In this exercise, print only the lines of the records below from the one with "Grasmere Church, Lake" through the one with "Uzun Buyuk Beden", inclusive. Pictures are not part of the copy.

---- RECORDED INFORMATION

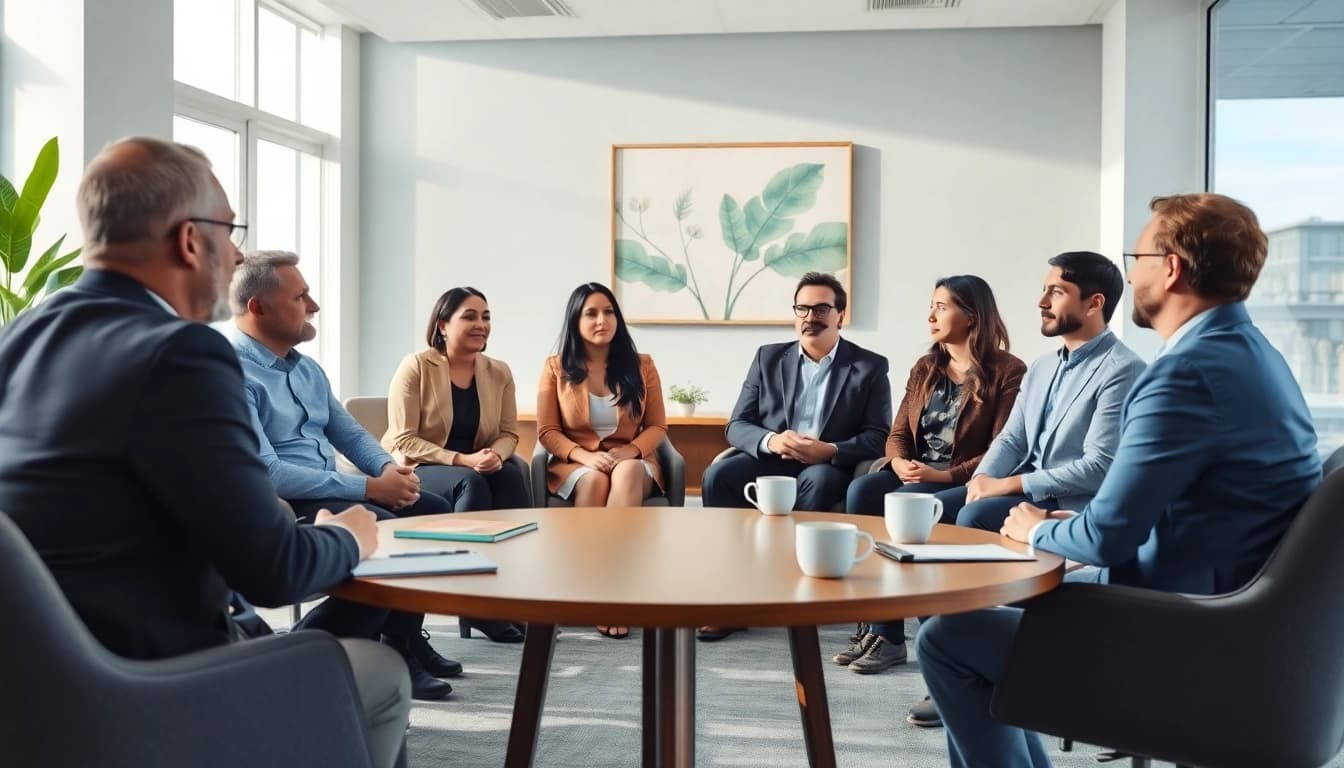 Mediation session showcasing diverse individuals collaborating around a table in a serene setting.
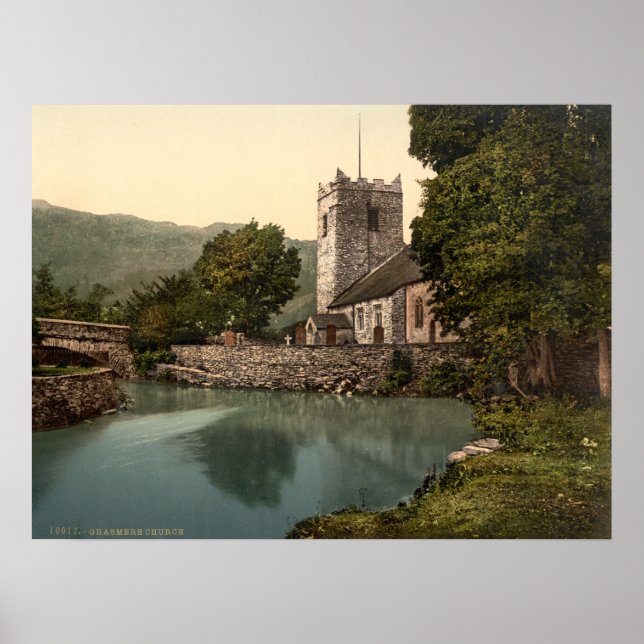 Grasmere Church, Lake District, Cumbria, England Poster (Vorne)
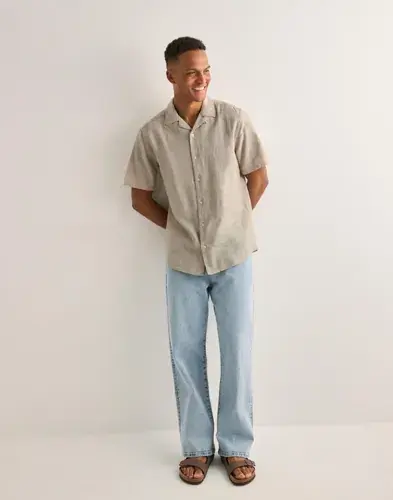 Only & Sons Only & Sons Onscaiden Life Ss Solid Resort Line Linskjorter Beige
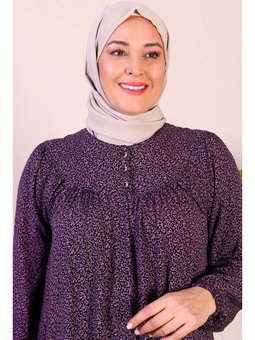 Uzun Buyuk Beden Anne Elbise Yazlik Tesettur Giyim Lila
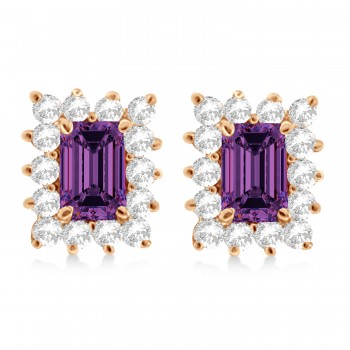 Emerald-Cut Alexandrite & Diamond Stud Earrings 14k Rose Gold (1.80ctw)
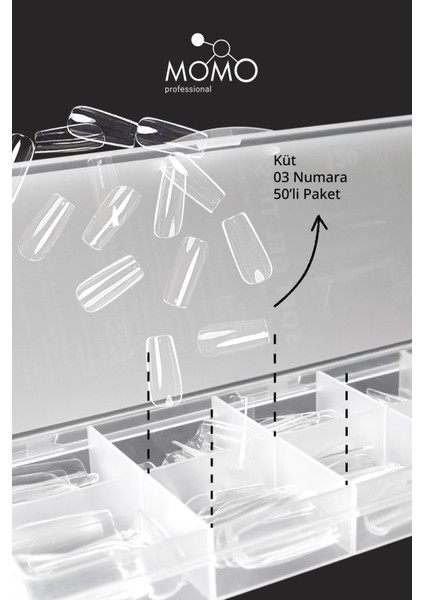 Soft Gel Tips, Küt No:03, Tek Boy 50’li Yedek Paket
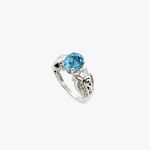 14K Diamond Blue Topaz, Size 6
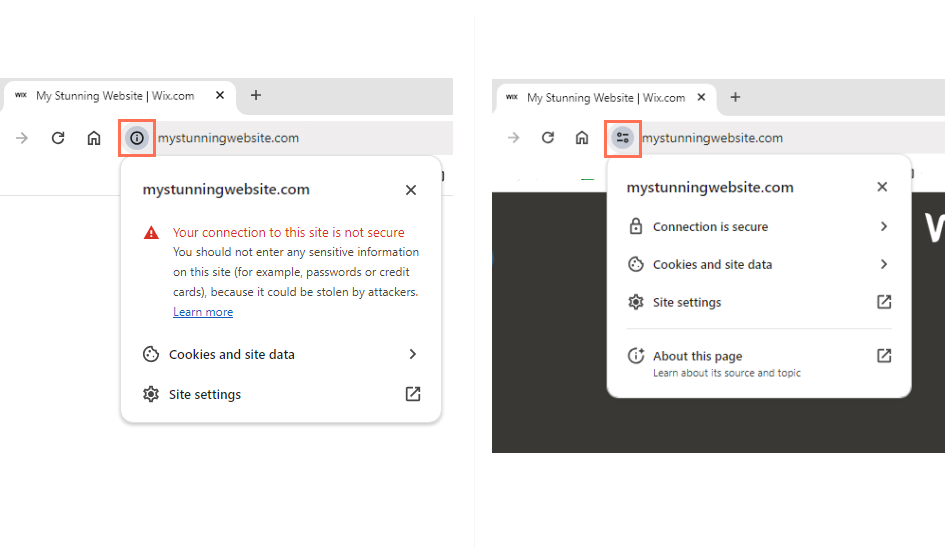 A screenshot comparing 2 sites in a browser. One does not have an SSL certificate and displays a warning. The other is safe.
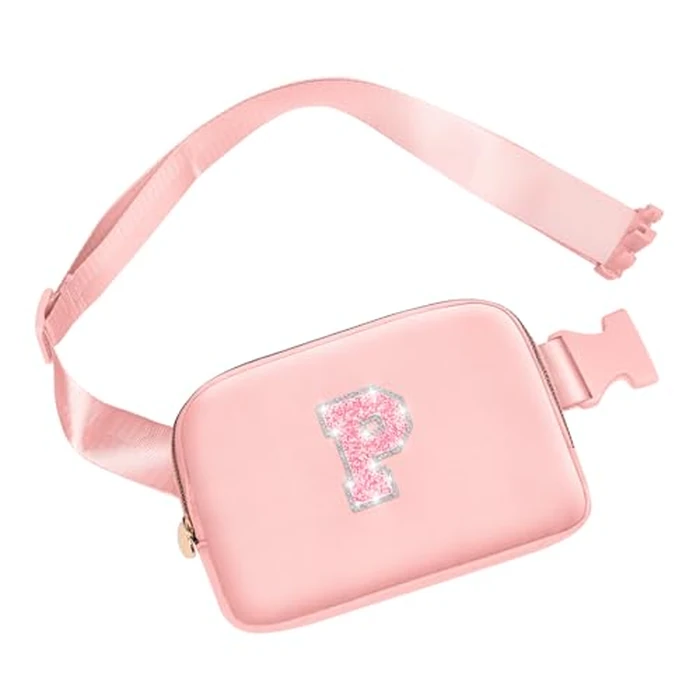 Personalized Belt Bag for Girls Teen Girl,Fashion Waist Packs with Adjustable Strap, Fanny Pack Crossbody Bag w/Initial Letter Patch, Teen Birthday Gifts for Sister Teenager Tween Preteen (Peach, P) by YQE - Used - Like New condition - US$10.41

--------

### ANSWER BELOW
 Grasmere Church, Lake District, Cumbria, England Poster (Vorne)
 Only & Sons Only & Sons Onscaiden Life Ss Solid Resort Line Linskjorter Beige
 Uzun Buyuk Beden Anne Elbise Yazlik Tesettur Giyim Lila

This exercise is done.